BRAMPTON - An undercover prostitution sting in Brampton saw seven men and three women arrested and charged this spring and Peel's vice unit officers promise there will be more to come.
Cars continue to drive through the eastern edge of Brampton's downtown core looking for the streetwalkers they know they will find there. It has been an ongoing problem for more than 10 years now.
Prostitution is legal in Canada, but solicitation in public is not. Peel police have been exercising their authority to seize the cars of johns they charge. The cars are held for bail hearings. To get them back, the registered owner— whether that is the man caught trying to buy sex or his wife, girlfriend, employer or mom— has to go to court and convince a justice of the peace that the car won't be used the same way again.
All of the men recently arrested for trying to buy sex from streetwalkers are Brampton residents, according to Peel vice Const. Kristine Arnold. The johns start to circle the residential streets around 5 p.m. and they "do a figure eight" around June Street, Beech Street, through a nearby plaza and around again until they find someone.
Women in the area have complained to police that men looking to pay for sex have stopped them while walking their dogs.
When area residents gathered at Central Peel Secondary School last month for a meeting with police to discuss anything on their minds, the topic that kept cropping up was the prostitution problem, Arnold said.
"We want the residents in the area to know things are happening," she said, pointing to the sting done at the end of May. She promised there are more to come.
"It's ongoing," she said. "There will be more (stings) until it stops."
She admits eradicating prostitution in the area is a tall order.
Police could push out the approximately 30 prostitutes, but officers realize they will just go somewhere else. If prostitution is the world's oldest profession, then trying to curb street prostitution is the second oldest. However, Arnold said she believes Peel's efforts have made a dent in the problem.
"We haven't seen the same men trolling the area," she said, confirming there were no repeat offenders arrested in the last sweep.
Residents who live in the area can help, too. If they are approached, they should get a licence plate number and call the vice unit. Arnold warned not to get into a confrontation, but to pass the information on to police, and they will take it from there.

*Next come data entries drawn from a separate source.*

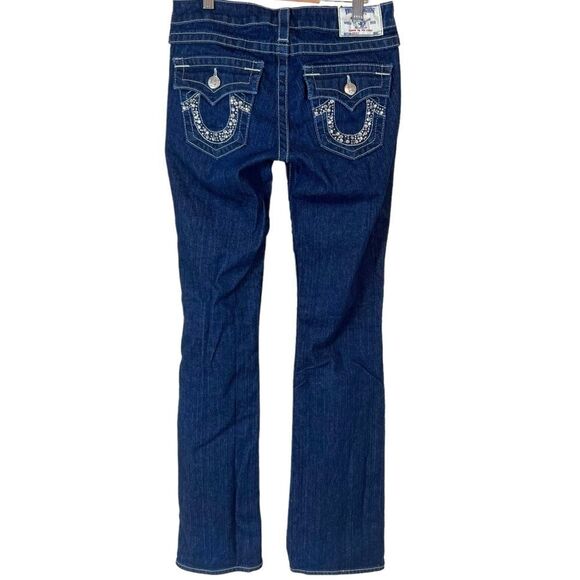 True Religion Becky Rhinestone Flap Pocket Jeans Style# WS2564C47 - Picture 1 of 16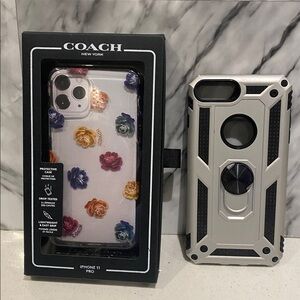 2 One Coach phone case & one no name brand Phone Case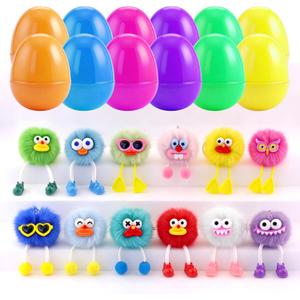 12 PCS PreFilled Easter Eggs with Plush Toys Keychain Decoration Stuffed Toy Great for Kids Boys Girls Easter Basket Stuffers Party Favors Easter Egg Fillers Hunt for Easter Egg Hunt Prizes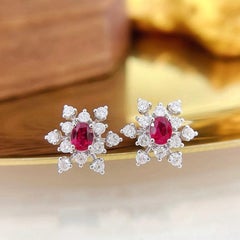 GRC Certified Ruby 18K White Gold Snowflake Earrings with Diamonds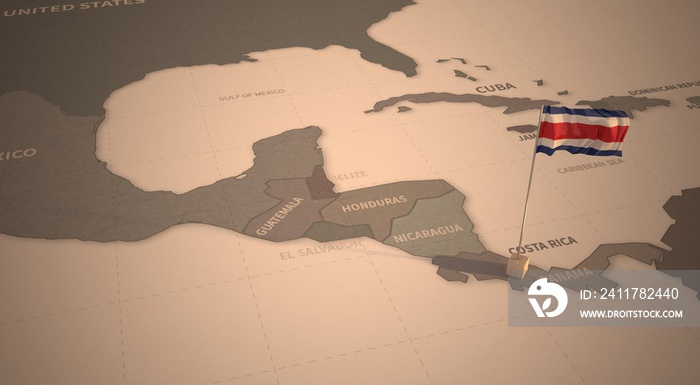 Flag on the map of costa rica. Vintage Map and Flag of Central America, Caribbean Countries Series 3D Rendering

Vice unit officers have been tackling the issue from different angles in recent years, looking for more permanent solutions. They say more than 95 per cent of the street prostitutes in Brampton are drug addicted.

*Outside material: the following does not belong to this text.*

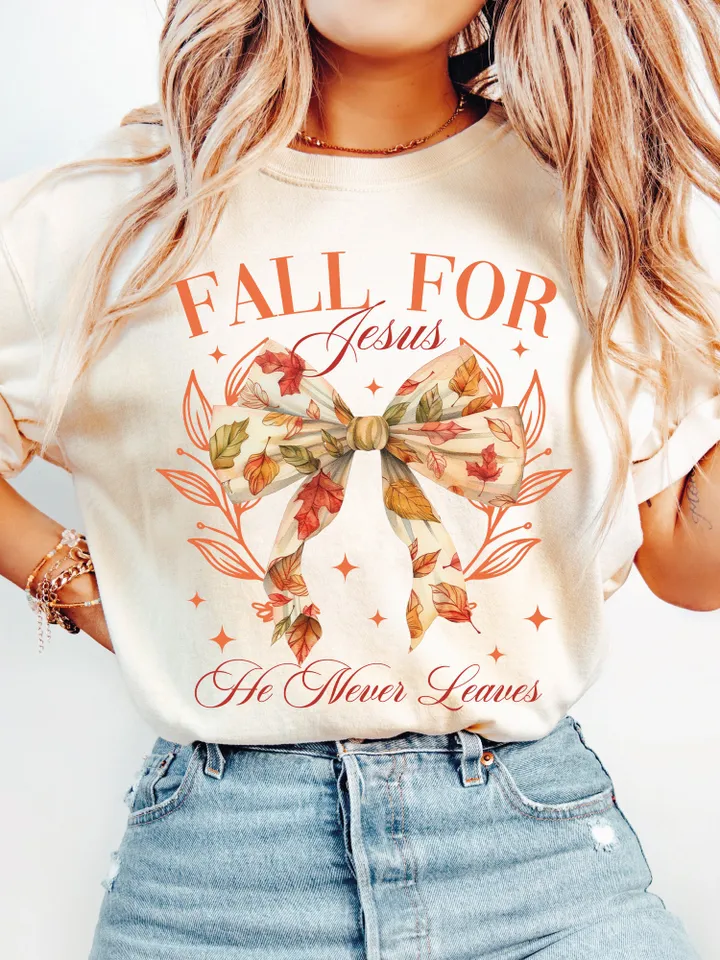Fall for Jesus he leaves PNG, Fall Coquette Bow PNG, Fall Shirt PNG, Christian Png Autumn Sublimation Design, Trending Png, Digital Download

Their efforts may be paying off. In the past two months, four prostitutes have left the streets and gotten help, Arnold said.
"We have directed them to people who have been able to help get them clean," she said. That's due in part to the relationship that vice unit officers have built with the women through a new program called Project AVERT (Avoiding Victimization by Encouraging Reporting and Tracking).
"Once a month we make sure we make some sort of contact with them and we know they are safe," Arnold said of the program. "It's working really well. They are very, very receptive." Prostitution sweeps don't change that, either, she said.
"They don't hate us for it," Arnold said. "They have to make money and they're willing to do it any way they need to. They know that, when they are plying their trade, there's going to be consequences."